▸ **EXERCISE DIRECTIONS**: For every line below, output the text exactly and leave out images.

▸ **DATA BLOCK**:
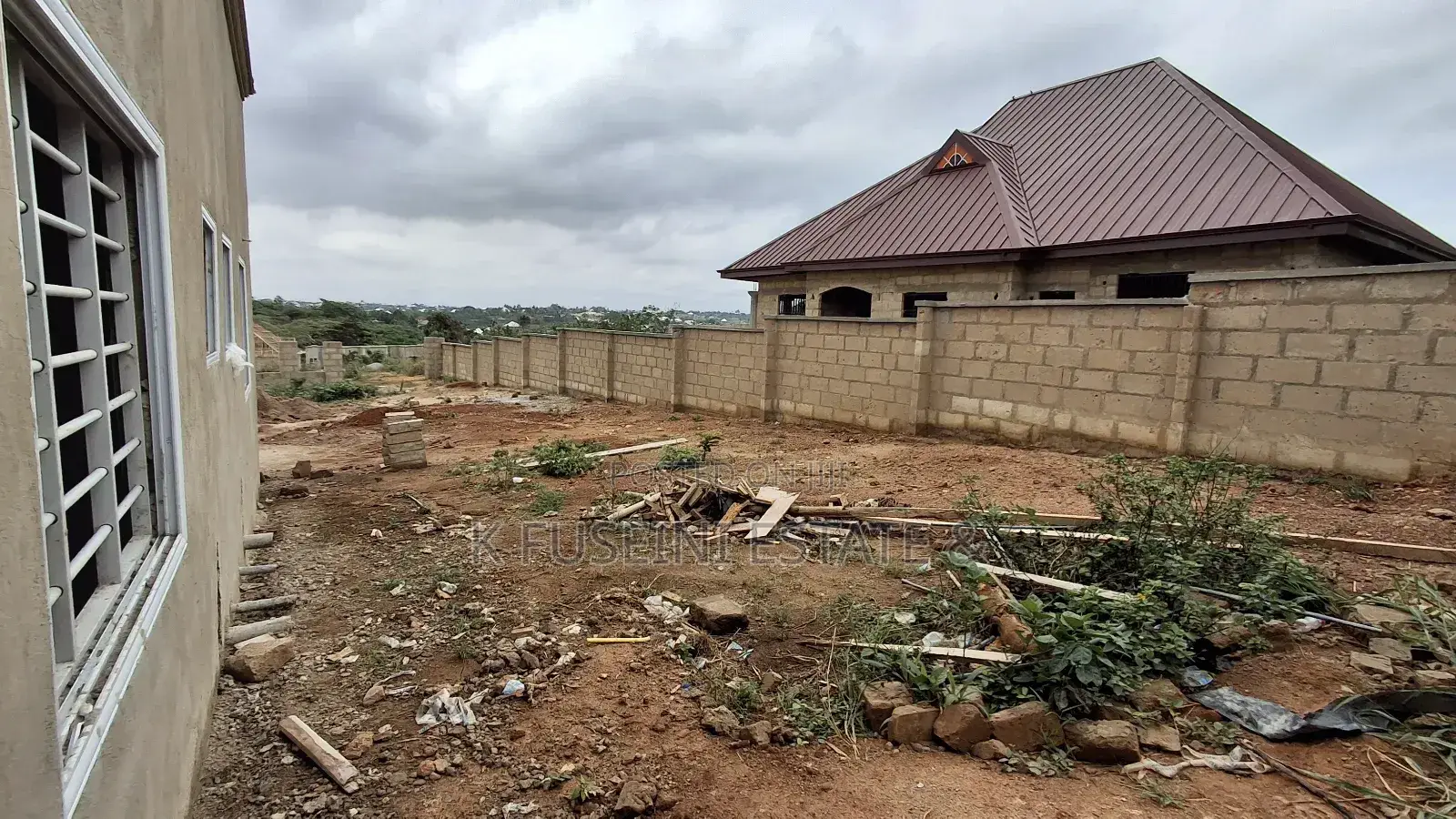 3 Bedrooms House For Sale At Akom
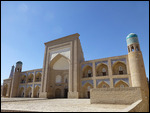 Alloquli Khan Medressa close to the East Gate 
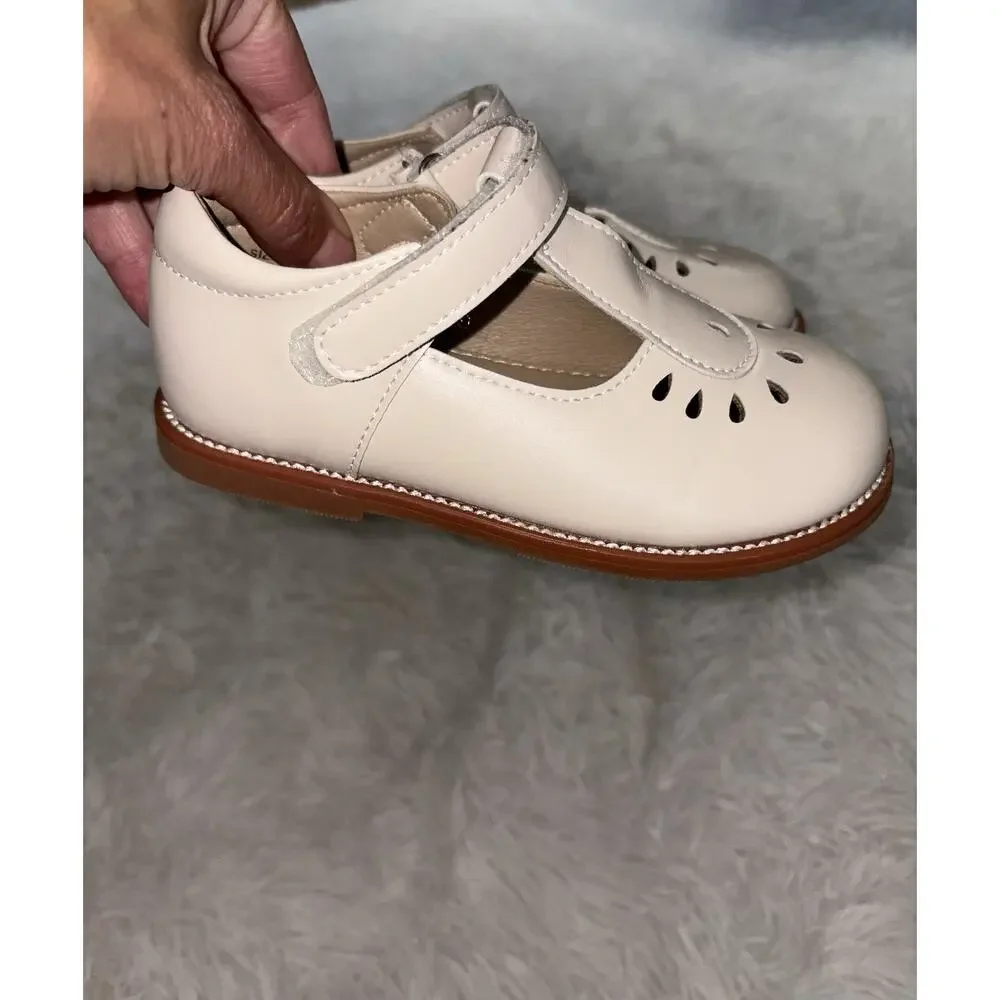 Felix & Flora Toddler Girl 9 Ivory Classic Buckle Shoes. Exc. Condition, Ador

▸ **RESULT**:
 3 Bedrooms House For Sale At Akom
 Alloquli Khan Medressa close to the East Gate 
 Felix & Flora Toddler Girl 9 Ivory Classic Buckle Shoes. Exc. Condition, Ador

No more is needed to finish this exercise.